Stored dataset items
──────

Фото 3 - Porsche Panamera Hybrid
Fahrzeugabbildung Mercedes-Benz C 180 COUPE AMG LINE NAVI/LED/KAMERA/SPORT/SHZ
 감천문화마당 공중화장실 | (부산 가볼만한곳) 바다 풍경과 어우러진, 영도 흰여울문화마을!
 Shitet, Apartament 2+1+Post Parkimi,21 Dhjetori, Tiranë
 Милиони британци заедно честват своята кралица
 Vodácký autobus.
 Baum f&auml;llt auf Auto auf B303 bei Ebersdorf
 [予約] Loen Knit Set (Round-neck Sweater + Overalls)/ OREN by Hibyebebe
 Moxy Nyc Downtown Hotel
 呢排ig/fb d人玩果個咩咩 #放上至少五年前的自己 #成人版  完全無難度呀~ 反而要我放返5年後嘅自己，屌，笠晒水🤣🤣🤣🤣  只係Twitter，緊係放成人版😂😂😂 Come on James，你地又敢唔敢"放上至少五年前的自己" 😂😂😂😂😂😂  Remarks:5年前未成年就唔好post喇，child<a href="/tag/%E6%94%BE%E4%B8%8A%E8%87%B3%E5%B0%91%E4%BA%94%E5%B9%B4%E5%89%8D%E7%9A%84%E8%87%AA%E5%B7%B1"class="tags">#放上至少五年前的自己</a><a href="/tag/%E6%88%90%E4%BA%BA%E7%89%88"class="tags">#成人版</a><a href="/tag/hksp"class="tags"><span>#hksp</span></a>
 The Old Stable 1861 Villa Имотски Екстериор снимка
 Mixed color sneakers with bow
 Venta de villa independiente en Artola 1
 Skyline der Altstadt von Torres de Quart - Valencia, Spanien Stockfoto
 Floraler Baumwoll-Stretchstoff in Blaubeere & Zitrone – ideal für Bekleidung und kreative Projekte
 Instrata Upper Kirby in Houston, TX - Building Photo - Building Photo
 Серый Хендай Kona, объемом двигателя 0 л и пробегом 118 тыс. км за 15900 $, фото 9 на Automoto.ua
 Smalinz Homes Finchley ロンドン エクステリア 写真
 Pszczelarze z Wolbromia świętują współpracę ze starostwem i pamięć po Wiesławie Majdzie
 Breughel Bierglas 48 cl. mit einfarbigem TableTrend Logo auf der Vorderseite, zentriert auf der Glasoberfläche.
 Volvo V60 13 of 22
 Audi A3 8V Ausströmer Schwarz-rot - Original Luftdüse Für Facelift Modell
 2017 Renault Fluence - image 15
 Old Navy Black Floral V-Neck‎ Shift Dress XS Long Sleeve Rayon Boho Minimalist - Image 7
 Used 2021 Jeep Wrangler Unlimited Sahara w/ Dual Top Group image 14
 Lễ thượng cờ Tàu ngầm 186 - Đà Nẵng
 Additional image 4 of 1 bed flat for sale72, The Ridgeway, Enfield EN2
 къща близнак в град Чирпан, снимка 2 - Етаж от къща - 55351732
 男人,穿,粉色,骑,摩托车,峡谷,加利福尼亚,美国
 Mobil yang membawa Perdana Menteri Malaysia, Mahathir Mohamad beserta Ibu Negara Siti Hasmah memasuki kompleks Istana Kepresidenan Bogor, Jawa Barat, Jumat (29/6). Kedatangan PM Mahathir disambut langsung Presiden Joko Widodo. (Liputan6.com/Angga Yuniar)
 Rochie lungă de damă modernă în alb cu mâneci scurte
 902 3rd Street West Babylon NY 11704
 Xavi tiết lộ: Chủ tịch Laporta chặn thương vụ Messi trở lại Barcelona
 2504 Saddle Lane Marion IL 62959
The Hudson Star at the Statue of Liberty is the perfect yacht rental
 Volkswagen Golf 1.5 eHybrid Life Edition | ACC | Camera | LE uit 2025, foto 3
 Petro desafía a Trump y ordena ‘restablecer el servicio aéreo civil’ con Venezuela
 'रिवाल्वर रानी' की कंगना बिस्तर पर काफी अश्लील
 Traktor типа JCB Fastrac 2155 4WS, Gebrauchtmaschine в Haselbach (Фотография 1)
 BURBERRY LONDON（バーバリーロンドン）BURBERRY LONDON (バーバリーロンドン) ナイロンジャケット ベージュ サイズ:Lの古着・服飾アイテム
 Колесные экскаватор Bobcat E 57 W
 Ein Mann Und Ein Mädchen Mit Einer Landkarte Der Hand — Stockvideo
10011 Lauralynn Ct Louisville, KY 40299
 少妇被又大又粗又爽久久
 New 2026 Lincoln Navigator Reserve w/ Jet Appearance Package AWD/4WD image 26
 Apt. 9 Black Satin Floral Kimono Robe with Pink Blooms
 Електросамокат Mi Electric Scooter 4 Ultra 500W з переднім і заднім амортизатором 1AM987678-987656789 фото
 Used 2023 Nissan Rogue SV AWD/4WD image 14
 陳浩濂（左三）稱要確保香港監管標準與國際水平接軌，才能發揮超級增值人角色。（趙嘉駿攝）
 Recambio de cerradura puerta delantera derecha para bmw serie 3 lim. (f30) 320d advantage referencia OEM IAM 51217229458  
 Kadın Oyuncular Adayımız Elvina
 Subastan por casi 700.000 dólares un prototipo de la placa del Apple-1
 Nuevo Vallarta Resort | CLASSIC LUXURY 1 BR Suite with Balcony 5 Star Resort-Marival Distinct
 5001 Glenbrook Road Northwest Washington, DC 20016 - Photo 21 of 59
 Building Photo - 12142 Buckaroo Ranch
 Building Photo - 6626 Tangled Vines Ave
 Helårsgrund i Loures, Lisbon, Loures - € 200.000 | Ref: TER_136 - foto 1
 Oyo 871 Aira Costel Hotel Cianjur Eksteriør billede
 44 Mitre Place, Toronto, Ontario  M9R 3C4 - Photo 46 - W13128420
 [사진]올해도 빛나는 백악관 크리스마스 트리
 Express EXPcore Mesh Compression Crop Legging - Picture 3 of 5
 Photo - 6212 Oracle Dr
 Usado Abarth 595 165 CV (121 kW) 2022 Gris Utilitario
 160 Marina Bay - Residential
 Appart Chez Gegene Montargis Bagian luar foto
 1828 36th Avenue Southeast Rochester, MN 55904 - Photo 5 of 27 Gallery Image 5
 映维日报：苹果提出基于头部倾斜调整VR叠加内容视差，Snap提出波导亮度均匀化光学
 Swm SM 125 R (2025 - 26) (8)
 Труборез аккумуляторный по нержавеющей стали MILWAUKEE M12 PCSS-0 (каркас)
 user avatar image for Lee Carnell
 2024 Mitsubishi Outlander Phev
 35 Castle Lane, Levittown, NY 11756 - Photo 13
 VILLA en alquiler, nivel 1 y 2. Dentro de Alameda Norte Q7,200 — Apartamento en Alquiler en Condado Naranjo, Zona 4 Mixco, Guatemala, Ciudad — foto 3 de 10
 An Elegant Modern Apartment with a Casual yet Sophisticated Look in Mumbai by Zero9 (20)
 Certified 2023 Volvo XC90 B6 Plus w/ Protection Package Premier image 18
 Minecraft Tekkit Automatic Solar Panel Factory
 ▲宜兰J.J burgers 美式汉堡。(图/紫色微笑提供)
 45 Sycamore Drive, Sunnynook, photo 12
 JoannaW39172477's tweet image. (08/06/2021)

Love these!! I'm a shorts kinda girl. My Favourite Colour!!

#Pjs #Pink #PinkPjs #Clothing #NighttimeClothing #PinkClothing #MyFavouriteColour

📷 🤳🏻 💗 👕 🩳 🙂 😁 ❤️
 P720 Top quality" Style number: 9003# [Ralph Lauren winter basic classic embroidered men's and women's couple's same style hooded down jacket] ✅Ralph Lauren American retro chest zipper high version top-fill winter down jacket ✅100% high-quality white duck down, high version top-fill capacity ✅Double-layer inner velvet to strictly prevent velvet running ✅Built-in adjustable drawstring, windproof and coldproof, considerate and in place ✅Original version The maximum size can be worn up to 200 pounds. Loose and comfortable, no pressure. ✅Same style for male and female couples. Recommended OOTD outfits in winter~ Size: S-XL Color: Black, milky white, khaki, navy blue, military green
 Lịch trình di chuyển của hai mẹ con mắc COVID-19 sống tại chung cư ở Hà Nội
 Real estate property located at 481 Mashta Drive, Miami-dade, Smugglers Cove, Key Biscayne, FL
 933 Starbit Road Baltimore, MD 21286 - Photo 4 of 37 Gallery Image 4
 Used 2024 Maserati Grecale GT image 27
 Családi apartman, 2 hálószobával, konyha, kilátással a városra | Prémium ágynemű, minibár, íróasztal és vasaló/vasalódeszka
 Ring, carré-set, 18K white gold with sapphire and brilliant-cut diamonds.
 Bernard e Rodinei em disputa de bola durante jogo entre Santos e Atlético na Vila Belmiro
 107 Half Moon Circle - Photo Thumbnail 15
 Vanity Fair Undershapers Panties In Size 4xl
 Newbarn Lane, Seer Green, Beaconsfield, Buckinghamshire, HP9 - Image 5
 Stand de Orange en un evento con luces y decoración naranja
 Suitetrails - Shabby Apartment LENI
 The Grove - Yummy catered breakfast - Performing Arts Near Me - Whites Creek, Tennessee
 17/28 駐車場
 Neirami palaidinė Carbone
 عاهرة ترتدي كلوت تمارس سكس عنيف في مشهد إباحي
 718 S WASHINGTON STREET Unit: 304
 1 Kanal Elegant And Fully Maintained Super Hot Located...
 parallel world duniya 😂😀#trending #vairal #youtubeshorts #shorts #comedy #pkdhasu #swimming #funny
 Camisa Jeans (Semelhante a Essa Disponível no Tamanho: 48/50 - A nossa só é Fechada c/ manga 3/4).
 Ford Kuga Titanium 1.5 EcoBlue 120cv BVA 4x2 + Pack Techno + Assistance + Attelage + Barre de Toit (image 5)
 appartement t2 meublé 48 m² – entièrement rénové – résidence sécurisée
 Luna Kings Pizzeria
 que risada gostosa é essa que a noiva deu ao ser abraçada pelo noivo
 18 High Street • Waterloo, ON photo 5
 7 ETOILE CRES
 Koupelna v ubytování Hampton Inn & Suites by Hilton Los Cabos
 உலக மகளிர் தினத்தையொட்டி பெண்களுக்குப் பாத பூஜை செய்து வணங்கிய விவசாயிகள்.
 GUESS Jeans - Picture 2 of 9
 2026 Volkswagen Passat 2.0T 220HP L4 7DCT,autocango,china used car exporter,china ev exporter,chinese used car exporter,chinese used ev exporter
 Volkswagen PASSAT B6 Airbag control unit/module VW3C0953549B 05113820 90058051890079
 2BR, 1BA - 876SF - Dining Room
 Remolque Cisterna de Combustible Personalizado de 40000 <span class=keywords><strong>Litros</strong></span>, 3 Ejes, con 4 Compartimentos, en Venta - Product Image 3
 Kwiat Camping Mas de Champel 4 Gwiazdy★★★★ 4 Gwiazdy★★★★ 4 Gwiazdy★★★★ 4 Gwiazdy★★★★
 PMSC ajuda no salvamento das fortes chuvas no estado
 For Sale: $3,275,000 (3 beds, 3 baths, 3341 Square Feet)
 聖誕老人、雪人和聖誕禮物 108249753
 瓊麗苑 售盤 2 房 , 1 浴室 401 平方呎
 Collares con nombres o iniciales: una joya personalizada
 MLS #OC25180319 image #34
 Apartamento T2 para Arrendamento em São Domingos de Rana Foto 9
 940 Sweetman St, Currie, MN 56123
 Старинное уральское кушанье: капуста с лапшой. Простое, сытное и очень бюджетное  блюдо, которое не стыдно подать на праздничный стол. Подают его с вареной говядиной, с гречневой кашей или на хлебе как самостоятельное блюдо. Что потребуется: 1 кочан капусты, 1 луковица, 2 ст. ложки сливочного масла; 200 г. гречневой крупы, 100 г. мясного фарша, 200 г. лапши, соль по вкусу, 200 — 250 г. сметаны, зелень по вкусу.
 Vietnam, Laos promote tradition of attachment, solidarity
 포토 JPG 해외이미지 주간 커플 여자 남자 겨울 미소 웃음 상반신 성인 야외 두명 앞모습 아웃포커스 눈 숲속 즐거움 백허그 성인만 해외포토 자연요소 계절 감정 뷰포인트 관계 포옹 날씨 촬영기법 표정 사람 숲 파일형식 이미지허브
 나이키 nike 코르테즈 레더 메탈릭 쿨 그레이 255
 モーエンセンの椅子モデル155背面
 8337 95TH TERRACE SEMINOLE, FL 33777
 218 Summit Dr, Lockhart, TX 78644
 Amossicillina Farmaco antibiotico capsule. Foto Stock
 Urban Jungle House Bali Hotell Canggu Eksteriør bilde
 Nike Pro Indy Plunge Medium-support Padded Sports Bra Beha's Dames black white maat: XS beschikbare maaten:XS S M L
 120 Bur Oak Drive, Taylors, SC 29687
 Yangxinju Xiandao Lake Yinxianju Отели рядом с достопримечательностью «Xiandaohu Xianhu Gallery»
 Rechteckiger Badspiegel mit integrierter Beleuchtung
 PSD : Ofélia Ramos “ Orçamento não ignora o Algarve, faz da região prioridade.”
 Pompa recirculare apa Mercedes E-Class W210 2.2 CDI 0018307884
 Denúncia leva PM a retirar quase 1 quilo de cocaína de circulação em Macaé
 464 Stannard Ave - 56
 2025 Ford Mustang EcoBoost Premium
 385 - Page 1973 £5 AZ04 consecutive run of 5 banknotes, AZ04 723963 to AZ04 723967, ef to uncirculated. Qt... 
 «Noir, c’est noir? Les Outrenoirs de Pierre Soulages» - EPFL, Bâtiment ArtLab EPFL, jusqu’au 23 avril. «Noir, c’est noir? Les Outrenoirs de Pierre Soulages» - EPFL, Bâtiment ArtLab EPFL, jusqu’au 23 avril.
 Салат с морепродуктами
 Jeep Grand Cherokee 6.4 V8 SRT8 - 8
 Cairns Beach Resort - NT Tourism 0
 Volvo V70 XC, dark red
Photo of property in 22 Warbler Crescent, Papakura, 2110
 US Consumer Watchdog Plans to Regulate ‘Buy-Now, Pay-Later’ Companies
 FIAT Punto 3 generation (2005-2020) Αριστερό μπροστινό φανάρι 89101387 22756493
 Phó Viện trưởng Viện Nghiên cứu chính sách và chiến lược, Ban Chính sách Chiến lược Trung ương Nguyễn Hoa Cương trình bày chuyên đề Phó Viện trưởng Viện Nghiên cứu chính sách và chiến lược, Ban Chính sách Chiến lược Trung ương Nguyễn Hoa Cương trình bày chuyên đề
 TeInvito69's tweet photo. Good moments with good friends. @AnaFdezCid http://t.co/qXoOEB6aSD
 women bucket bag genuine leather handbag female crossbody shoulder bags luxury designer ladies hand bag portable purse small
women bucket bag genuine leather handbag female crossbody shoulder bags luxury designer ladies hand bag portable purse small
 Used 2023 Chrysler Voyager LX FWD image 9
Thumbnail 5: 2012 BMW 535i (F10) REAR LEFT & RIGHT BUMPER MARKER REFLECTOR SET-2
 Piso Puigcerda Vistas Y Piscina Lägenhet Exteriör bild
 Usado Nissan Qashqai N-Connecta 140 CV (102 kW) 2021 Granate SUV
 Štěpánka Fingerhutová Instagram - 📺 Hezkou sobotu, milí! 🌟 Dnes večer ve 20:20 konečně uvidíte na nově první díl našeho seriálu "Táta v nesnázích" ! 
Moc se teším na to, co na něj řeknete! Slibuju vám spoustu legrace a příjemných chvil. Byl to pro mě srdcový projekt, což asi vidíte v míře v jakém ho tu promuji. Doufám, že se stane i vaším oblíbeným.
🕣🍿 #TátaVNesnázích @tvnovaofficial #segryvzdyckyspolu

──────

» Task goal: For this task, write out exactly the lines of the entries above, starting at the line with "Baum f&auml;llt auf" and ending at the line with "Pszczelarze z Wolbromia", both included, and no others.

» The completed task:
 Baum f&auml;llt auf Auto auf B303 bei Ebersdorf
 [予約] Loen Knit Set (Round-neck Sweater + Overalls)/ OREN by Hibyebebe
 Moxy Nyc Downtown Hotel
 呢排ig/fb d人玩果個咩咩 #放上至少五年前的自己 #成人版  完全無難度呀~ 反而要我放返5年後嘅自己，屌，笠晒水🤣🤣🤣🤣  只係Twitter，緊係放成人版😂😂😂 Come on James，你地又敢唔敢"放上至少五年前的自己" 😂😂😂😂😂😂  Remarks:5年前未成年就唔好post喇，child<a href="/tag/%E6%94%BE%E4%B8%8A%E8%87%B3%E5%B0%91%E4%BA%94%E5%B9%B4%E5%89%8D%E7%9A%84%E8%87%AA%E5%B7%B1"class="tags">#放上至少五年前的自己</a><a href="/tag/%E6%88%90%E4%BA%BA%E7%89%88"class="tags">#成人版</a><a href="/tag/hksp"class="tags"><span>#hksp</span></a>
 The Old Stable 1861 Villa Имотски Екстериор снимка
 Mixed color sneakers with bow
 Venta de villa independiente en Artola 1
 Skyline der Altstadt von Torres de Quart - Valencia, Spanien Stockfoto
 Floraler Baumwoll-Stretchstoff in Blaubeere & Zitrone – ideal für Bekleidung und kreative Projekte
 Instrata Upper Kirby in Houston, TX - Building Photo - Building Photo
 Серый Хендай Kona, объемом двигателя 0 л и пробегом 118 тыс. км за 15900 $, фото 9 на Automoto.ua
 Smalinz Homes Finchley ロンドン エクステリア 写真
 Pszczelarze z Wolbromia świętują współpracę ze starostwem i pamięć po Wiesławie Majdzie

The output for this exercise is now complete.